VideoMind: A Chain-of-LoRA Agent for Long Video Reasoning
Ye Liu, Kevin Qinghong Lin, Chang Wen Chen, Mike Zheng Shou
TL;DR
VideoMind introduces a video-language agent that mimics human-like long-form video reasoning by decomposing tasks into planner-guided roles: Grounder for moment localization, Verifier for accuracy, and Answerer for response generation. The innovation hinges on Chain-of-LoRA, a lightweight, inference-time strategy that switches role-specific adapters within a single base model to balance efficiency and flexibility. Extensive experiments across 14 benchmarks show state-of-the-art or competitive performance in grounded video QA, video temporal grounding, and general VideoQA, with notable strength on long videos. Ablation studies confirm the value of the planner, grounder, and verifier, and demonstrate that Chain-of-LoRA offers substantial efficiency advantages over multi-model or fully fine-tuned baselines.
Abstract
Videos, with their unique temporal dimension, demand precise grounded understanding, where answers are directly linked to visual, interpretable evidence. Despite significant breakthroughs in reasoning capabilities within Large Language Models, multi-modal reasoning - especially for videos - remains unexplored. In this work, we introduce VideoMind, a novel video-language agent designed for temporal-grounded video understanding. VideoMind incorporates two key innovations: (i) We identify essential capabilities for video temporal reasoning and develop a role-based agentic workflow, including a planner for coordinating different roles, a grounder for temporal localization, a verifier to assess temporal interval accuracy, and an answerer for question-answering. (ii) To efficiently integrate these diverse roles, we propose a novel Chain-of-LoRA strategy, enabling seamless role-switching via lightweight LoRA adaptors while avoiding the overhead of multiple models, thus balancing efficiency and flexibility.
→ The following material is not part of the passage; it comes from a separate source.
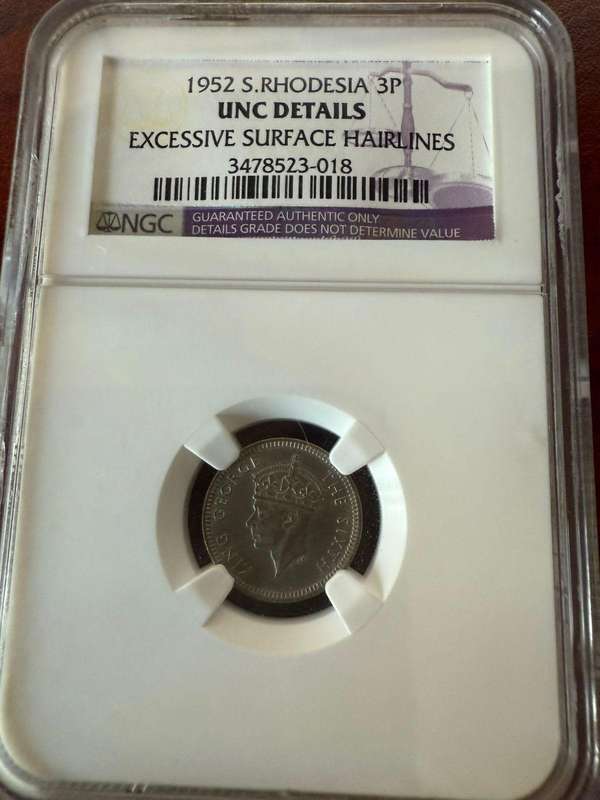 1952 RHODESIA 3P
Extensive experiments on 14 public benchmarks, including 3 on grounded video question-answering (Grounded VideoQA), 6 on video temporal grounding (VTG), and 5 on general video question-answering (VideoQA), verify that our agent achieves state-of-the-art performance on diverse video understanding tasks, underscoring its effectiveness in advancing video agent and long-form temporal reasoning.